Seine Werke haben keine Titel. Sie sind oft auf Karton aufgebracht und werden durch rechteckiges oder kreisrundes Acrylglas überlagert. Die Computerdrucke sind durch eine sparsam verwandte Farbigkeit von Schwarz und Rot gekennzeichnet. Die Reduktion auf zeichenhafte Elemente sind ein weiteres Merkmal seiner Bilder und Objekte.
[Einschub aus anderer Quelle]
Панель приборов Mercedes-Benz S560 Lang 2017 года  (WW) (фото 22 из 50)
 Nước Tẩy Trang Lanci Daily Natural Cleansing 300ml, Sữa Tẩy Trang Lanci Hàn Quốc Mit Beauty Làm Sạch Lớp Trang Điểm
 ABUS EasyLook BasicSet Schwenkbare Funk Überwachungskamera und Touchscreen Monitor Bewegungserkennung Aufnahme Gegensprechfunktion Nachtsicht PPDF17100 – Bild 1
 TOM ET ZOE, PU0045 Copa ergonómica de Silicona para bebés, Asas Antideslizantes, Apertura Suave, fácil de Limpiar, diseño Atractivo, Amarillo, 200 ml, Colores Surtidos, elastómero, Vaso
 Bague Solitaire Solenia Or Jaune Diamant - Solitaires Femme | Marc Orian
Gerade die in ihrer Strenge aufgebauten Arbeiten bringen je nach Standort verschiedene Deutungen. Dies ist allein schon durch das Licht- Schattenspiel bei den räumlichen Reliefwerken gegeben. Dadurch wird deutlich, dass von ein und demselben Objekt unterschiedliche Wahrnehmungen ausgehen können. Damit wird die Eindeutigkeit von Objekten in Frage gestellt beziehungsweise nachgewiesen, dass es verschiedene, sich nicht widersprechende Aussagen von Wahrheit an einem Objekt geben kann. Dies kann der Betrachter bei einer Reihe von Arbeiten Reinhard Hankes nachvollziehen.